According to the two-page letter: “If we don’t do this, or if we are too slow or ineffective in getting real unemployed people into real jobs, our industry can expect to face further increasing pressure, rising criticism, greater difficulties and more refusals in applications for work permits and work permit renewals – even for those jobs that we feel certain there are absolutely no Caymanians available to fill or develop into that role.”
Premier McLaughlin, while appreciating the sentiment expressed in the letter, said the government was not threatening any local companies with being put out of business. He noted that the new immigration bill makes it a criminal offense for companies that do not disclose the fact that a Caymanian or permanent resident had applied for a work permit holder’s position.
Outgoing Chamber President Chris Duggan struck quite a different tone in addressing the audience at the Ritz-Carlton prior to introducing Premier McLaughlin.
“All businesses should be allowed to obtain the required labor that they need,” Mr. Duggan said. “We must not prevent employers from obtaining foreign workers [for jobs where no qualified Caymanian has applied].

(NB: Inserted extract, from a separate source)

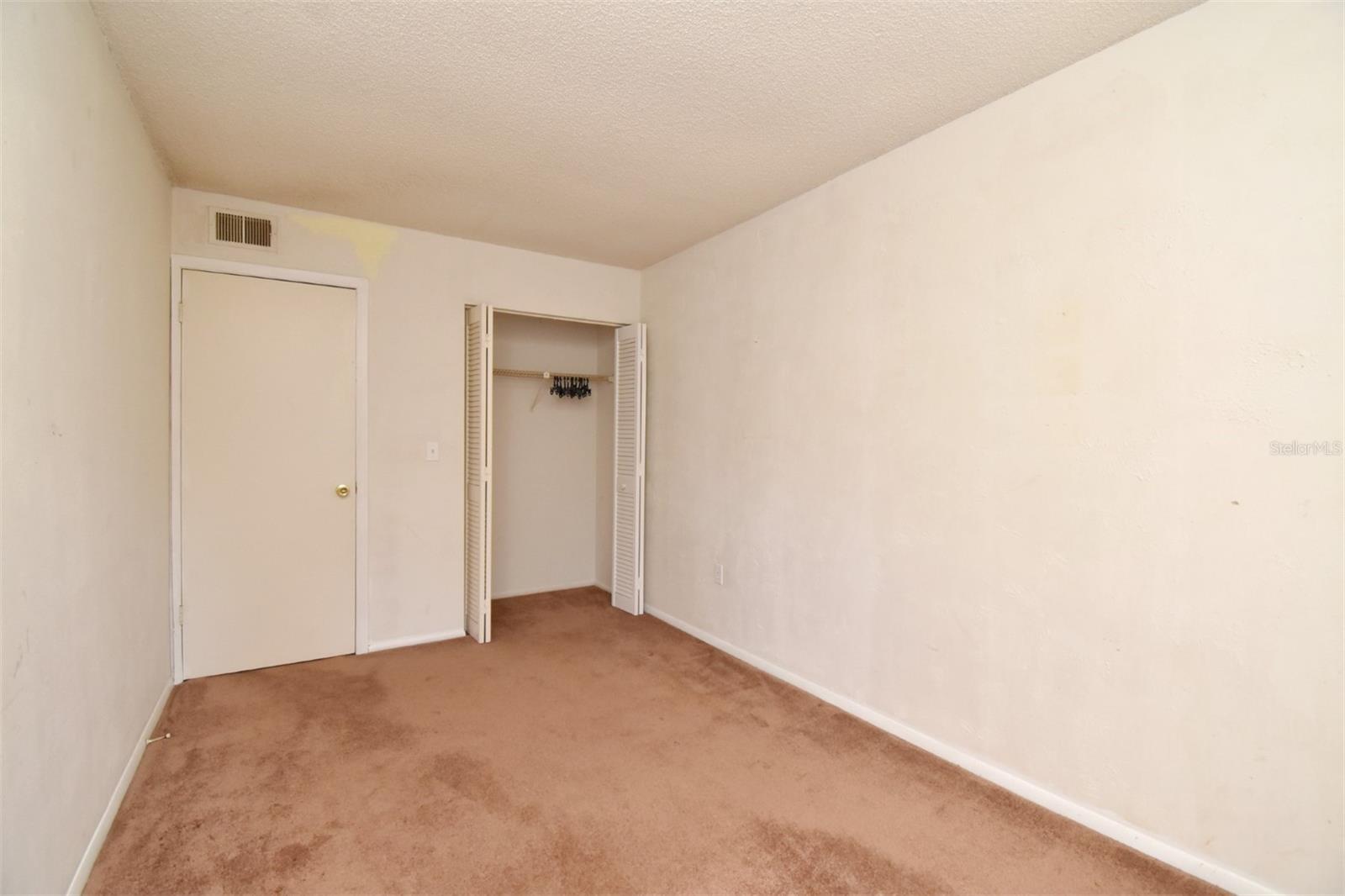 Image 35 of 37 For 6013 Village Circle 6013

“[Cayman’s] population has to grow and it will grow. Putting up roadblocks to hinder development in growth is not the answer.”

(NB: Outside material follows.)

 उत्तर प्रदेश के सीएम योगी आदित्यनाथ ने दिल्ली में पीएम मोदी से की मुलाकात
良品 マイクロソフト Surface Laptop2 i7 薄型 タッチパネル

Premier McLaughlin pointed to several new initiatives, largely being driven by the private sector, which he expected to increase economic development in the coming years.
Plans to build a new cruise ship berthing facility in George Town and expand Owen Roberts International Airport would be presented to Cabinet next month, he said. In addition, plans for developing new hotels, including a Kimpton along Seven Mile Beach, a Conrad Hilton in Beach Bay and a hotel near the site of the Health City Cayman Islands development were proceeding at pace.
Mr. McLaughlin said Cayman Enterprise City’s special economic zone was also “beginning to live up to its potential,” with more than 80 companies now registered.
He said talks were continuing with the Dart group of companies to “rebalance” some of the aspects for the ForCayman Investment Alliance that had been agreed by the previous United Democratic Party government. The government had no firm plans for what would occur with the George Town landfill site.
He said the upcoming government budget would only include one new tax, the introduction of company directors fees similar to a proposal made – but not implemented – by the previous United Democratic Party government. Mr. McLaughlin did not provide any more specifics at the luncheon.
The government’s new full-year budget is expected to be presented to the Legislative Assembly by next Friday, Oct. 4.